If L is a user-defined-floating-literal, let f be the literal without its ud-suffix. If S contains a literal operator with parameter type long double, the literal L is treated as a call of the form

operator "" X(fL)

Otherwise, S shall contain a raw literal operator or a literal operator template ([over.literal]) but not both. If S contains a raw literal operator, the literal L is treated as a call of the form

operator "" X("f")

Otherwise (S contains a literal operator template), L is treated as a call of the form

operator "" X<'c1', 'c2', ... 'ck'>()

where f is the source character sequence c1c2...ck. [ Note: The sequence c1c2...ck can only contain characters from the basic source character set.  — end note ]

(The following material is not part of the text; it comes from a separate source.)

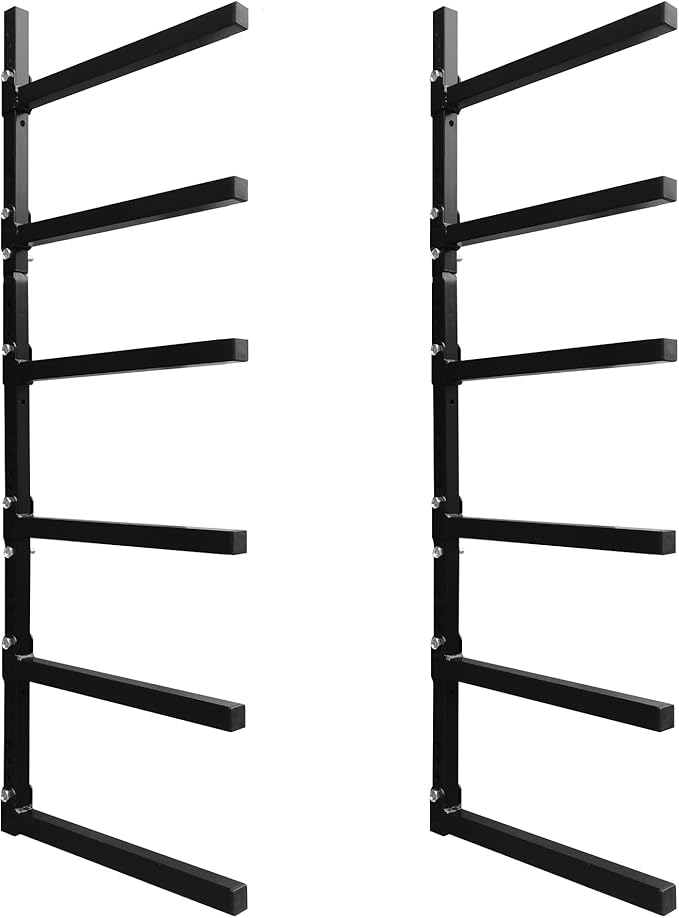 6-Tiered Collapsible Wall Mount Lumber Storage Metal Rack, 6-Level Foldable by LOCKIETTA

If L is a user-defined-string-literal, let str be the literal without its ud-suffix and let len be the number of code units in str (i.e., its length excluding the terminating null character). The literal L is treated as a call of the form

operator "" X(str, len)

If L is a user-defined-character-literal, let ch be the literal without its ud-suffix. S shall contain a literal operator ([over.literal]) whose only parameter has the type of ch and the literal L is treated as a call of the form

operator "" X(ch)

Example:

long double operator "" _w(long double);
std::string operator "" _w(const char16_t*, size_t);
unsigned operator "" _w(const char*);
int main() {
  1.2_w;      // calls operator "" _w(1.2L)
  u"one"_w;   // calls operator "" _w(u"one", 3)
  12_w;       // calls operator "" _w("12")
  "two"_w;    // error: no applicable literal operator
}

 — end example ]

In translation phase 6 ([lex.phases]), adjacent string literals are concatenated and user-defined-string-literals are considered string literals for that purpose. During concatenation, ud-suffixes are removed and ignored and the concatenation process occurs as described in [lex.string]. At the end of phase 6, if a string literal is the result of a concatenation involving at least one user-defined-string-literal, all the participating user-defined-string-literals shall have the same ud-suffix and that suffix is applied to the result of the concatenation.

Example:

int main() {
  L"A" "B" "C"_x; // OK: same as L"ABC"_x
  "P"_x "Q" "R"_y;// error: two different ud-suffixes
}

 — end example ]

Some identifiers appearing as ud-suffixes are reserved for future standardization ([usrlit.suffix]). A program containing such a ud-suffix is ill-formed, no diagnostic required.